===== Provided data

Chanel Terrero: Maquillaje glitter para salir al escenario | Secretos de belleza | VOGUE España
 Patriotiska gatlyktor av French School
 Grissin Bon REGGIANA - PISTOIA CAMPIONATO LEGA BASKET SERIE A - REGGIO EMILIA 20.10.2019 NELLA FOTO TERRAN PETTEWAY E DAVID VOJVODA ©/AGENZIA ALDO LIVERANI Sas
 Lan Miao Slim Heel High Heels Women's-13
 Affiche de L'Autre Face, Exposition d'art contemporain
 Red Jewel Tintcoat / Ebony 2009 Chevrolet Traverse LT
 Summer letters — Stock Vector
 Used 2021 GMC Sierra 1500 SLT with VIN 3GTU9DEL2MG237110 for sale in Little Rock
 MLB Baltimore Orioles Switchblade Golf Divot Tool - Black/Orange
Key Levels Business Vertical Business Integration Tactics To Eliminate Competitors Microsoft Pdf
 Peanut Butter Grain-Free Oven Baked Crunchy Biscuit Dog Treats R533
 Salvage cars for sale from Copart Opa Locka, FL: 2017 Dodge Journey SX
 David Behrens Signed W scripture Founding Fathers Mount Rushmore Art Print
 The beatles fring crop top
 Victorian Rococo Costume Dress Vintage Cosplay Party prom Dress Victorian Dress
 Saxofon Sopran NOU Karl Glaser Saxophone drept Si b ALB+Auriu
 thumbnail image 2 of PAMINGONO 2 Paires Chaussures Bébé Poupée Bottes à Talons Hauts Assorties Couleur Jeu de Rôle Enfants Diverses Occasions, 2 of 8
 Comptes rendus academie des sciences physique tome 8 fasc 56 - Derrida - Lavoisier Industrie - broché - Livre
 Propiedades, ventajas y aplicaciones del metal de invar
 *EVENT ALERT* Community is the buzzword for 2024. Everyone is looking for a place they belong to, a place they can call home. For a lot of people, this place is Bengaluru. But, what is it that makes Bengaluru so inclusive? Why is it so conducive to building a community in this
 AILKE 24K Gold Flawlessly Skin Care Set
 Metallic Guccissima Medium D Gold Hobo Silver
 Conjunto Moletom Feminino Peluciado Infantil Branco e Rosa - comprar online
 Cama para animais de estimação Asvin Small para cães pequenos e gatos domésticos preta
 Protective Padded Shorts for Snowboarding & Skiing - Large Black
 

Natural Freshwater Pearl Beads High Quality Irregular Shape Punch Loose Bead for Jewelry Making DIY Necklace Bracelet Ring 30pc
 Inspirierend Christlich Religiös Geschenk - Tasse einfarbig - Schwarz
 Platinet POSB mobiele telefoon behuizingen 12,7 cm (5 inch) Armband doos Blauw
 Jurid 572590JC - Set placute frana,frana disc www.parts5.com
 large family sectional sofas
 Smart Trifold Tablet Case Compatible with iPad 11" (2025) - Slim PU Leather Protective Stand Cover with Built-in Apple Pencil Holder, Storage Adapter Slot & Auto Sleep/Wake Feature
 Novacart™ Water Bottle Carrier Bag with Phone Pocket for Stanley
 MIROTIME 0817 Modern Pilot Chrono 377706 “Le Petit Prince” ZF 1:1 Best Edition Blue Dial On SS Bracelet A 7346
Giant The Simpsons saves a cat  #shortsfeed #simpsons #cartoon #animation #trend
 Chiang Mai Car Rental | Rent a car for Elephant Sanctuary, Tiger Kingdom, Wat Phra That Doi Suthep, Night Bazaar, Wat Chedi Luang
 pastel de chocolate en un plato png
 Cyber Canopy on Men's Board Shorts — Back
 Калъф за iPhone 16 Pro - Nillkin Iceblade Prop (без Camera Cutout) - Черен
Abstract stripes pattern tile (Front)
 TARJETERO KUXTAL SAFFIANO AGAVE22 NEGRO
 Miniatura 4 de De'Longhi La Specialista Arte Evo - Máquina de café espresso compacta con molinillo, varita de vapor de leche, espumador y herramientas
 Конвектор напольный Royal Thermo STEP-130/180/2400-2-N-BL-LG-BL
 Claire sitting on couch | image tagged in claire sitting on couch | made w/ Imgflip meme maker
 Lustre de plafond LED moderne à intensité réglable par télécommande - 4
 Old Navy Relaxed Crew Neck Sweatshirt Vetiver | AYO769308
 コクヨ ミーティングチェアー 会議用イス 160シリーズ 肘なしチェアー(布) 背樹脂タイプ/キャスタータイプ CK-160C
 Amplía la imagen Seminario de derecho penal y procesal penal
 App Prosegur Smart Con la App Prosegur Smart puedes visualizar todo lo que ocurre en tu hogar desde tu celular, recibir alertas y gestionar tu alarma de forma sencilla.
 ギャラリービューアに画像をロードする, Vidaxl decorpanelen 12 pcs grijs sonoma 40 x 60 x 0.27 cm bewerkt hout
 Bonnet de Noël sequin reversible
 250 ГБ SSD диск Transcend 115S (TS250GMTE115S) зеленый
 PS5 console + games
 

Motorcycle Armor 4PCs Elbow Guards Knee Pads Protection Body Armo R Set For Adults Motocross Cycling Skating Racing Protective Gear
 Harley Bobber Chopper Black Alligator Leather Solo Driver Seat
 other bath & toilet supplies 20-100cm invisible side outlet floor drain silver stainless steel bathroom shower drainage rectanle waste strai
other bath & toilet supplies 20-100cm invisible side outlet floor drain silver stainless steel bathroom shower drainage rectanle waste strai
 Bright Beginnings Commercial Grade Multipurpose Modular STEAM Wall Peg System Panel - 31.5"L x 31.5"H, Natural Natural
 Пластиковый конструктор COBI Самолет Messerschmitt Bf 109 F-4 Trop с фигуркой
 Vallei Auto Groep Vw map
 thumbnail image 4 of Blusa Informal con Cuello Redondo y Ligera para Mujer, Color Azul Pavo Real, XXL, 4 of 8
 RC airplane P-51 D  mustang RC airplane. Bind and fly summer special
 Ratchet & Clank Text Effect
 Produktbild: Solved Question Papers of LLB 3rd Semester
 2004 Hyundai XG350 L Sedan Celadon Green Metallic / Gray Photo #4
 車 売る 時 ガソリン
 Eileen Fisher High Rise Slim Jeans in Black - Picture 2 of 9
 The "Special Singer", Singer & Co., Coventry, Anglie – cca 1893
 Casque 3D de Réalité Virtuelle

==========

> _To do_
Reproduce only the lines above, starting at the line with "Comptes rendus academie" and ending at the line with "Inspirierend Christlich Religiös", exactly as written.

> _Solution to this exercise_
 Comptes rendus academie des sciences physique tome 8 fasc 56 - Derrida - Lavoisier Industrie - broché - Livre
 Propiedades, ventajas y aplicaciones del metal de invar
 *EVENT ALERT* Community is the buzzword for 2024. Everyone is looking for a place they belong to, a place they can call home. For a lot of people, this place is Bengaluru. But, what is it that makes Bengaluru so inclusive? Why is it so conducive to building a community in this
 AILKE 24K Gold Flawlessly Skin Care Set
 Metallic Guccissima Medium D Gold Hobo Silver
 Conjunto Moletom Feminino Peluciado Infantil Branco e Rosa - comprar online
 Cama para animais de estimação Asvin Small para cães pequenos e gatos domésticos preta
 Protective Padded Shorts for Snowboarding & Skiing - Large Black
 

Natural Freshwater Pearl Beads High Quality Irregular Shape Punch Loose Bead for Jewelry Making DIY Necklace Bracelet Ring 30pc
 Inspirierend Christlich Religiös Geschenk - Tasse einfarbig - Schwarz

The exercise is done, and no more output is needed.